I must admit that I'm not sure what your symmetry concept means. But your battered thick curve may present it perfectly for you because you can filter out the bumps and see the essence. It probably is so clear for you that you do not see any reason to formulate it as a math relation.
Unfortunately I do not have the same inner sight. But I guess: You want a circular arc. It surely is symmetric in relative some axis (see NOTE1)
Actually you should decide a third condition to make only one arc valid. If only 2 points are declared, infinitely many arcs will fit.
In the left the red circle was drawn first. It was duplicated. The duplicate was colored to green and moved to the other wanted point.
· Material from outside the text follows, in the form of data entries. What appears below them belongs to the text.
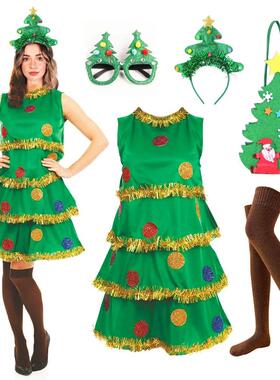 Imcute Women Christmas Tree Costume Sleeveless Round Neck Ca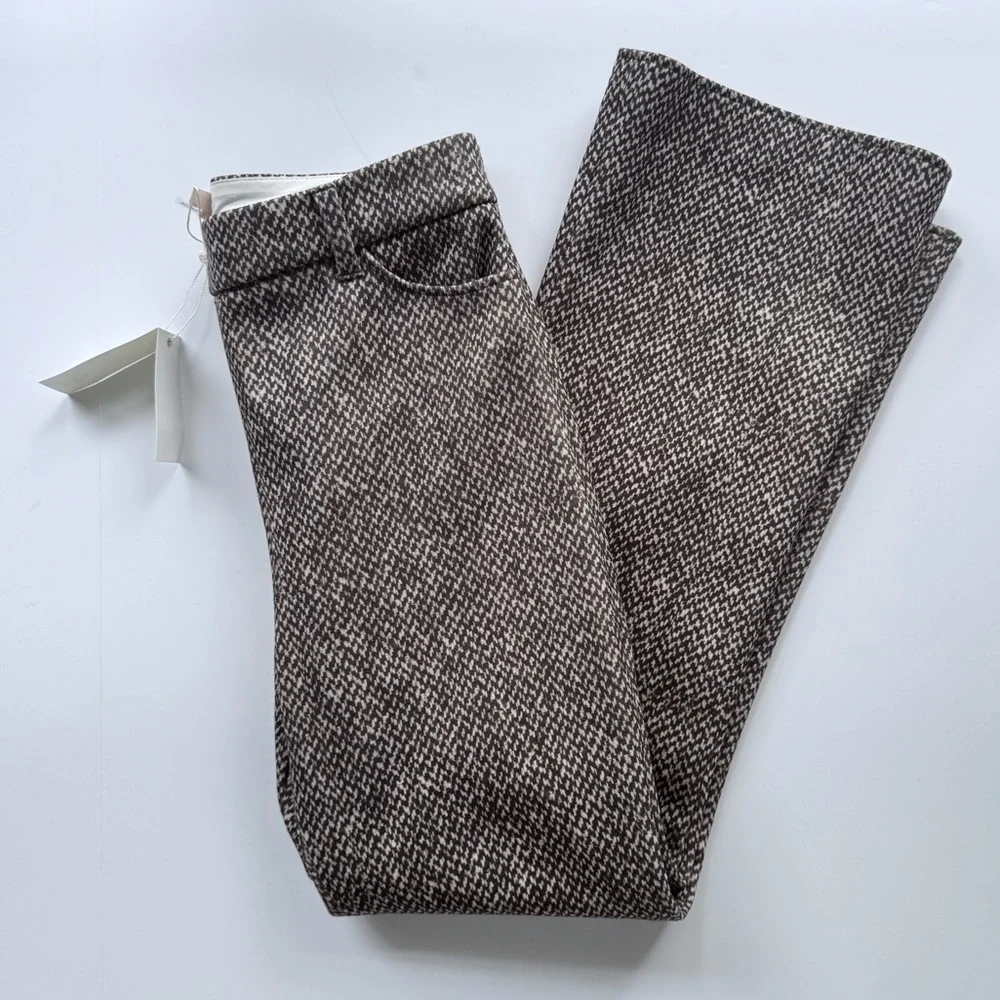 Tory Burch Gray Tweed Flare Trousers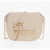 Moschino Love Faux Leather Saddle Bag With Golden Chain And Maxi Logo Beige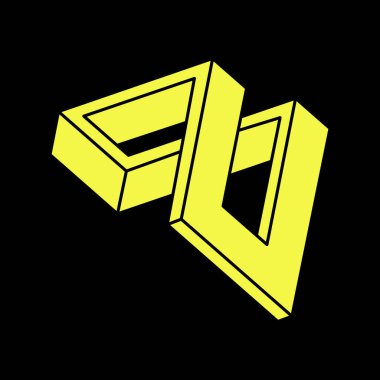 İmkânsız şekiller logo tasarımı, optik illüzyon objesi. Optik sanat. Kutsal geometri figürü. Escher paradoksu. 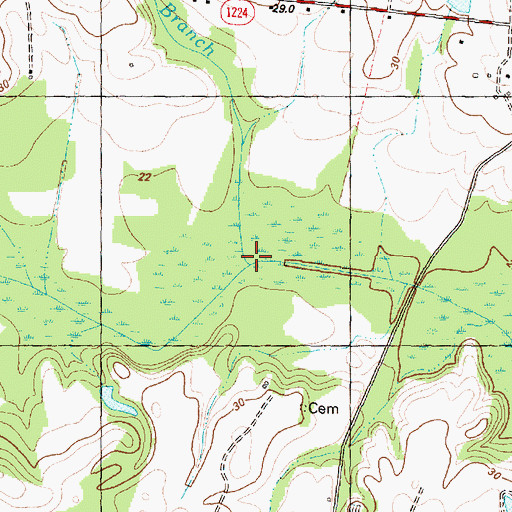Topographic Map of Dickson Branch, NC
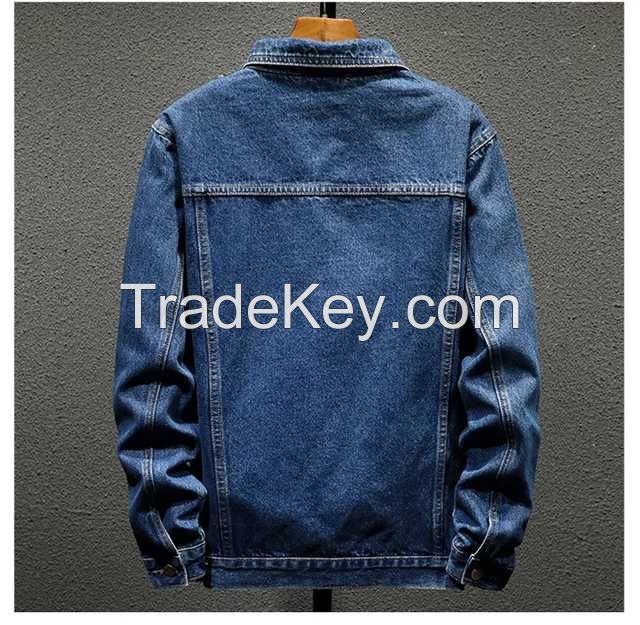 Denim jacket  Cotton padded jacket men&amp;amp;#039;s autumn new trend large size hooded jacket Korean loose fashion brand sports clothes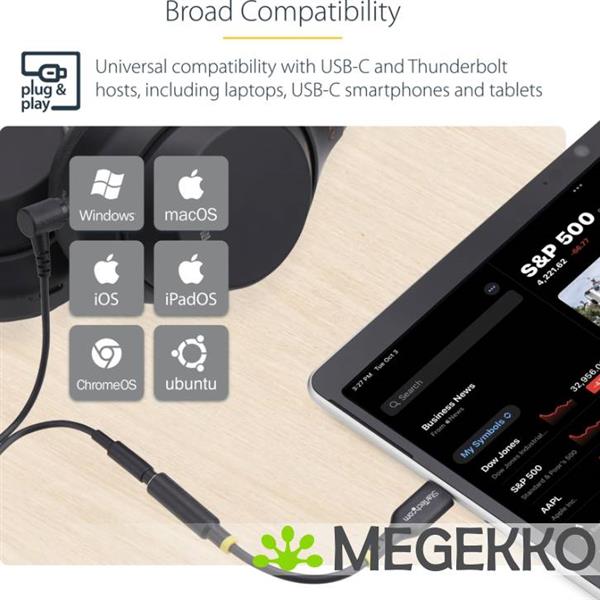 Grote foto startech.com usb c naar 3.5mm trrs headphone headset adapter aux audio adapter 3.5mm jack usb typ computers en software overige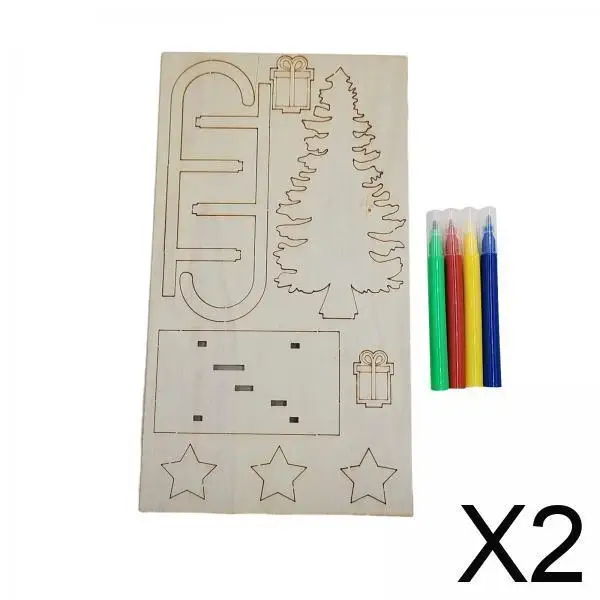2x Wood Sled DIY Wooden Crafts Kit DIY Assembly Toys Miniature Wood Trim Xmas Tree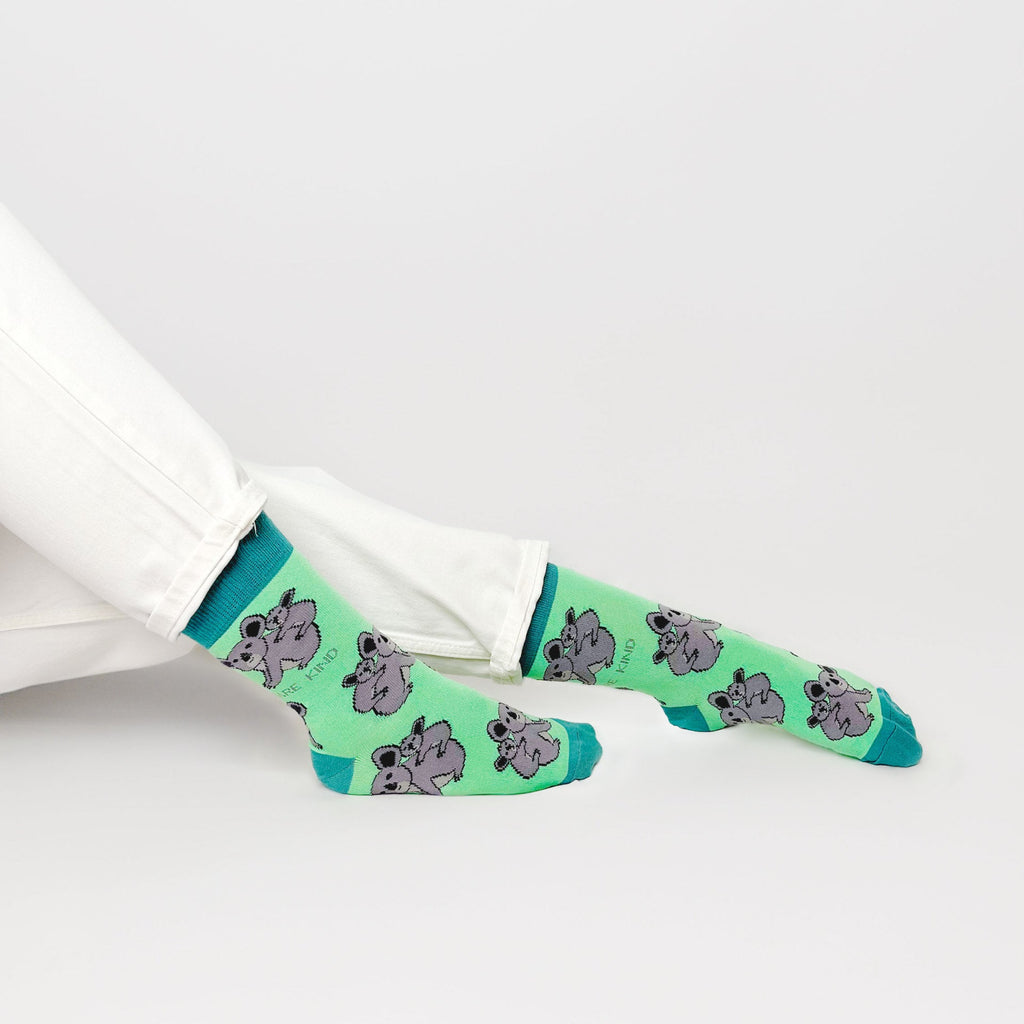 Save the Koalas Bamboo Socks in Mint Green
The blue circle is also a duplicate of the red one, but moved to the crossing of red and green circles.
The circles snap exactly if you have node, path and center snappings ON.
In the middle the blue circle is split at the corners with the node tool and the unwanted part is moved away.
In the right an arc is drawn directly with the Bezier tool. It draws arcs in Spiro mode. Only click at 3 points (A, B, C) of the arc. The intermediate point B is arbitary as long as there's no 3rd condition declared.
You can move the intermediate point B afterwards with the node tool for visually right appearance. If you want to continue drawing from the ends of the Spiro path by drawing usual Bezier paths you must at first convert the Spiro path to an ordinary path by applying Path > Object to Path.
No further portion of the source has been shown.